The Fifteenth Amendment to the Constitution of Bangladesh was passed on 30 June 2011. This amendment made some significant changes to the constitution:

Amendments 
 Incorporated four original fundamental state policies of the 1972 constitution nationalism, socialism, democracy and secularism. 
 Increased number of women reserved seats to 50 from existing 45.
 After article 7 it inserted articles 7(a) and 7(b) in a bid to end take over of power through extra-constitutional means. Section 7(b) declared the basic provisions of the constitution "non-amendable".
 Added provision for the protection and improvement of the environment and biodiversity.
 Added provision for protecting the culture of tribes, ethnic communities, and minor races .
 Abolished the caretaker government system which was incorporated through 13th amendment to the constitution in 1996 but later ruled out by the Supreme Court of Bangladesh.
 Acknowledged Sheikh Mujibur Rahman as the Father of the Nation. 
 Abolished referendum system from the constitution.

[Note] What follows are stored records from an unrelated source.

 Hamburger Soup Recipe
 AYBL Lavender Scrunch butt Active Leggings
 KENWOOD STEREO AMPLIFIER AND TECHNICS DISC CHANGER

 Participation in election declared illegal for those who have been convicted of crimes against humanity during 1971 liberation war.
 State of emergency can not be continued for more than 120 days.
 Inserted three new schedules at the end of the constitution which are 7 March Speech of Sheikh Mujibur Rahman, Declaration of Independence by Sheikh Mujibur Rahman on 25 March 1971 midnight, and Proclamation of Independence by the Mujibnagar Government on 10 April 1971.